■ **Material provided**:
════

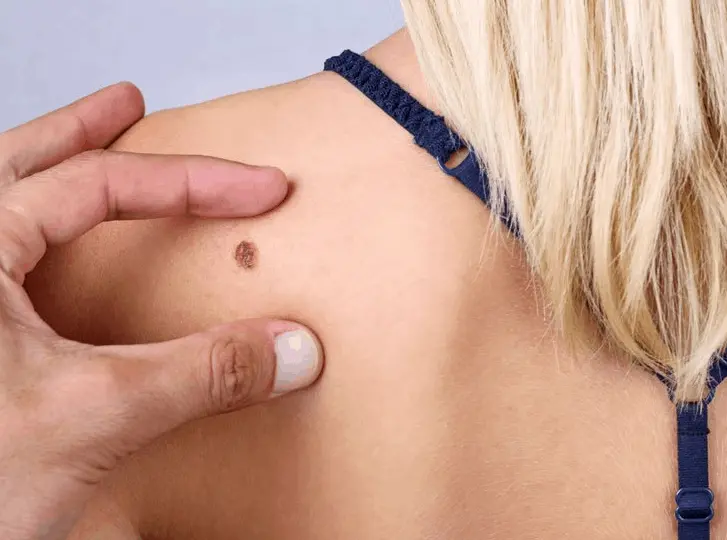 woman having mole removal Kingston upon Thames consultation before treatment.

════

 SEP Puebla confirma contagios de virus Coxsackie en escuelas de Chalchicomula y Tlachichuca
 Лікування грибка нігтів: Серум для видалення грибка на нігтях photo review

════

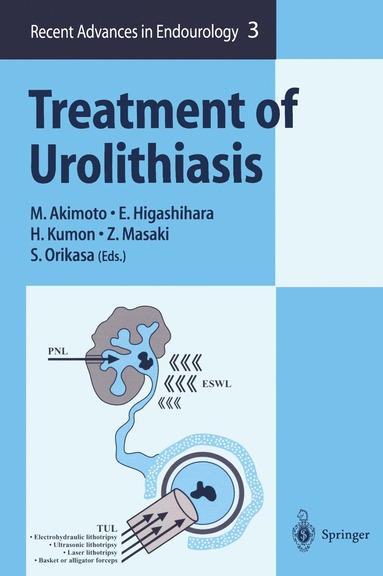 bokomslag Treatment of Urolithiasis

════

■ **Required action**:
Could you return exactly the lines above from the line with "SEP Puebla confirma" to the line with "Лікування грибка нігтів: Серум", both included, and nothing else?

■ **Solution for this exercise**:
 SEP Puebla confirma contagios de virus Coxsackie en escuelas de Chalchicomula y Tlachichuca
 Лікування грибка нігтів: Серум для видалення грибка на нігтях photo review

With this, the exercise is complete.